─── Excerpted records ───

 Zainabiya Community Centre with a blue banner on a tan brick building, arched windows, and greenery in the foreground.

───
─── Excerpted records ───

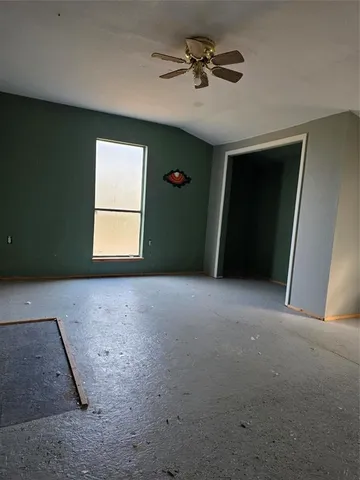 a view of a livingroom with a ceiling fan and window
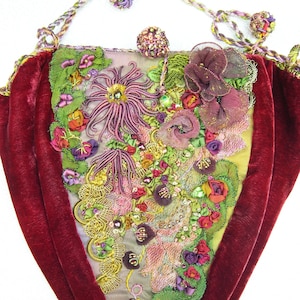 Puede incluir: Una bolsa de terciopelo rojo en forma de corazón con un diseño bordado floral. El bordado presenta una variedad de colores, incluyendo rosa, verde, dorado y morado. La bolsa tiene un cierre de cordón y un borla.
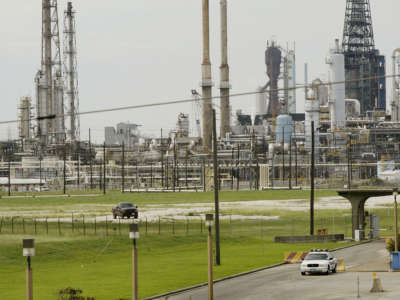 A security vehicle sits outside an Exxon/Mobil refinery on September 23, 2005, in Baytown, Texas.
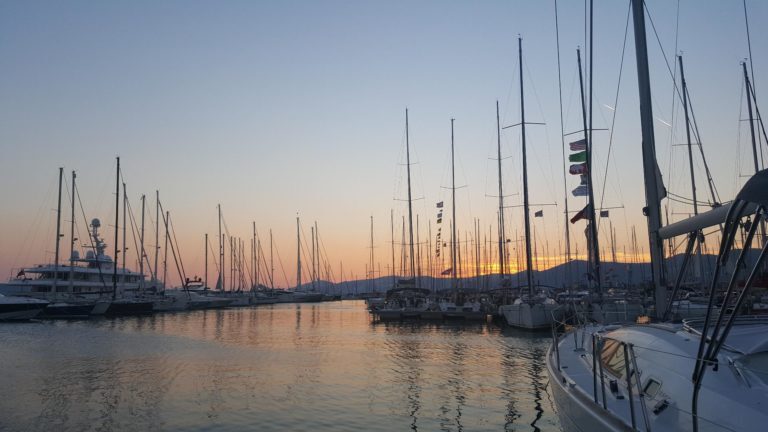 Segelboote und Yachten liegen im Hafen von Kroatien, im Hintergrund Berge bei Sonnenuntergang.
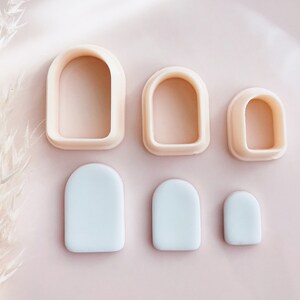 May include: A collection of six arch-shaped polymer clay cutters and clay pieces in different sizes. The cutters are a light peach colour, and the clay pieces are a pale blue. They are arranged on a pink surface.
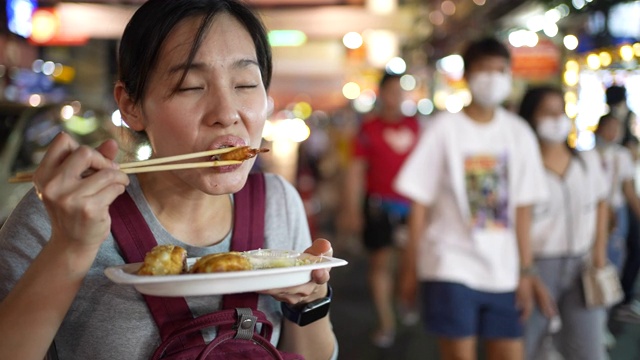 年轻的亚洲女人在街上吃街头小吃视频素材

───
─── Excerpted records ───

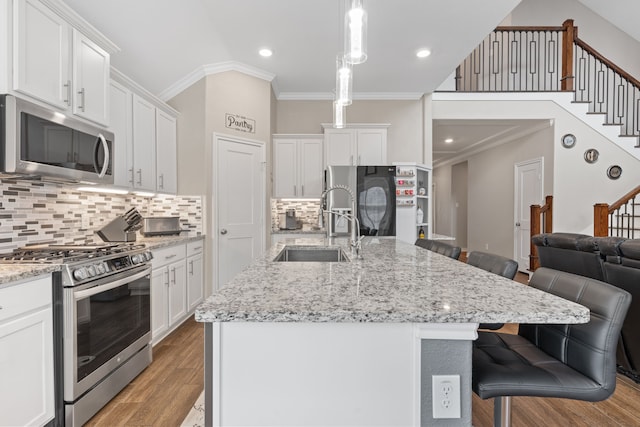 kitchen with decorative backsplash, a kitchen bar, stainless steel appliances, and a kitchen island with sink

───

| What you have to do |
Of the records above, print only the lines from the one containing "May include: A" through the one containing "年轻的亚洲女人在街上吃街头小吃视频素材", inclusive and unaltered, leaving out pictures.

| Your response |
 May include: A collection of six arch-shaped polymer clay cutters and clay pieces in different sizes. The cutters are a light peach colour, and the clay pieces are a pale blue. They are arranged on a pink surface.
 年轻的亚洲女人在街上吃街头小吃视频素材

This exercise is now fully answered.